Thursday, May 12, 2011

Board Beyond Belief

By definition a board is a long, thin wooden object.

Take for example the board of the City University of New York (CUNY) arguably one of the best public universities in the country and among urban institutions of its kind, it is without peer. By now as you have probably heard, unless you reside west of Newark, the CUNY trustees withdrew the award of an honorary degree to Tony Kushner after one trustee objected, opining that the Pulitzer prize-winning playwright is rabidly anti-Israel and therefore an unfit degree recipient. He offered this assessment intending it as an aside, an objection to be noted in the minutes but otherwise ignored. Oops.

Instead, proving that even a rubber stamp leaves an impression, the board - without deliberation - voted to deny the award an untoward turn given that honorary degrees at CUNY, as most schools, are normally approved more by rote and less by vote. The ensuing hullabaloo ended only when, we learned, the executive committee of the CUNY trustee board can rescind any decision made by the board.
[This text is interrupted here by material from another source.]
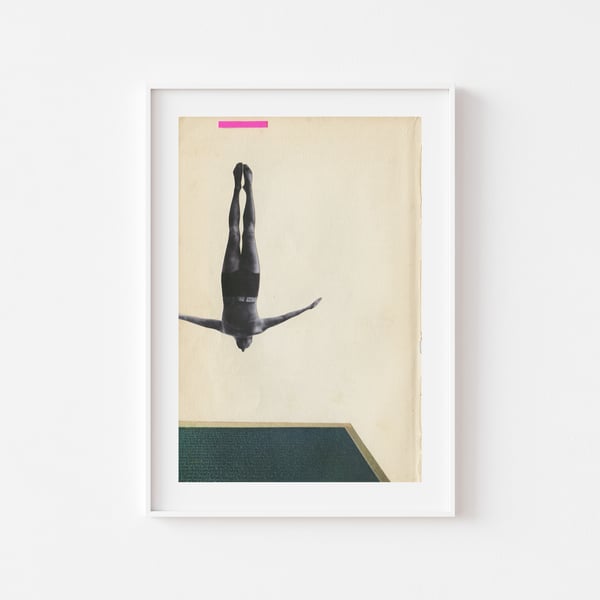 Swimming Pool Art Print - Swan Dive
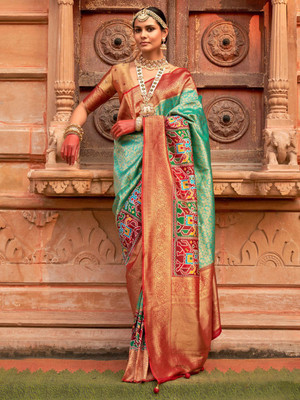 ANOUK Woven Patola Silk Blend Saree(Green)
And so in the shortness of time it came to pass. The decision was scrapped, the award reinstated and, I believe, Kushner will show up and add one more to his already full deck of honorary degrees.
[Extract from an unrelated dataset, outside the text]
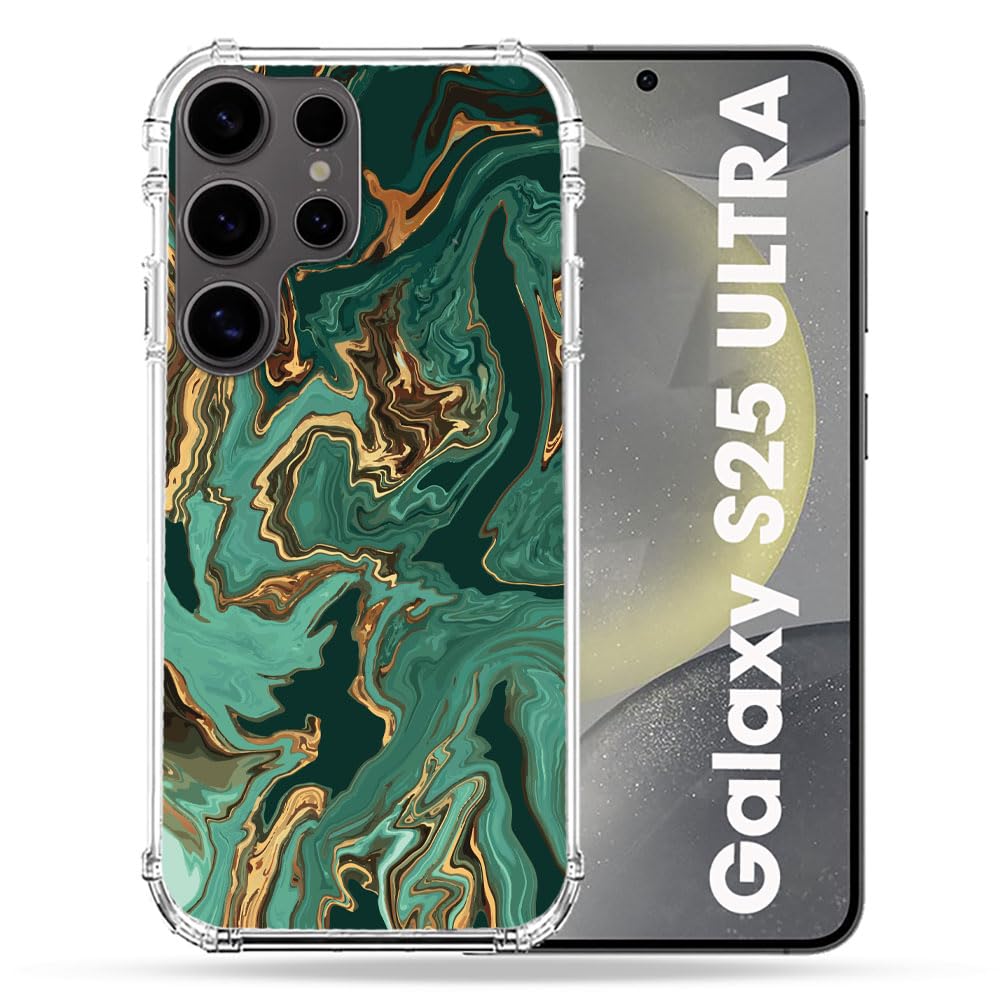 Coque Samsung Galaxy S25 Ultra Cokitec antichoc avec motif marbre vert élégant - 2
There may be fraud and other misbehavior at charities from time to time but it is really a rare event. By far loopy governance is the problem, over and over again. Why otherwise reasonable, mature, and thoughtful people seem to check their brains at the door when they join a charity board has long amazed we who toil in these places. But this example of goosiness is sui generis. Never before have I encountered a board setup that allows a committee of the board to rescind a board action. Though it is true that executive committees can often act for a board between official meetings it is also the practice that any such decisions must be ratified by the full body later.
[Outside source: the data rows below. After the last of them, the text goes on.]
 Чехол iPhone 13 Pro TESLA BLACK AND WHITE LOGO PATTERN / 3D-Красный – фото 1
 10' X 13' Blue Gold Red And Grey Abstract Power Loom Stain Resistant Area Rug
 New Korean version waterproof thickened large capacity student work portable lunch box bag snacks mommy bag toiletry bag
I can only surmise that because the taxpayer-supported CUNY board is stacked with political appointees through an undisclosed process and with no apparent standards that are publicly stated allowing the executive committee (though chaired by the former president of Yale) a check on irrational behavior is an inherently upside down methodology but it worked. However the inescapable conclusion is that the board is indeed a wooden object. The executive committee decides. Like other boards this one is a parking lot for philanthropists real and potential. They may not be expected to act like a board but by law they are the legal stewards of the University. I guess.

Meanwhile there have been calls for this trustee, who has previously weighed in as Israel's lobbyist on the CUNY board, to step down. Among others the head of the CUNY faculty union has made this demand proving only that faculty unions have no more lock on sense than boards do. Odious as they might be this trustee's opinions are an expression of free speech if not to re-appointment in two years when his term expires.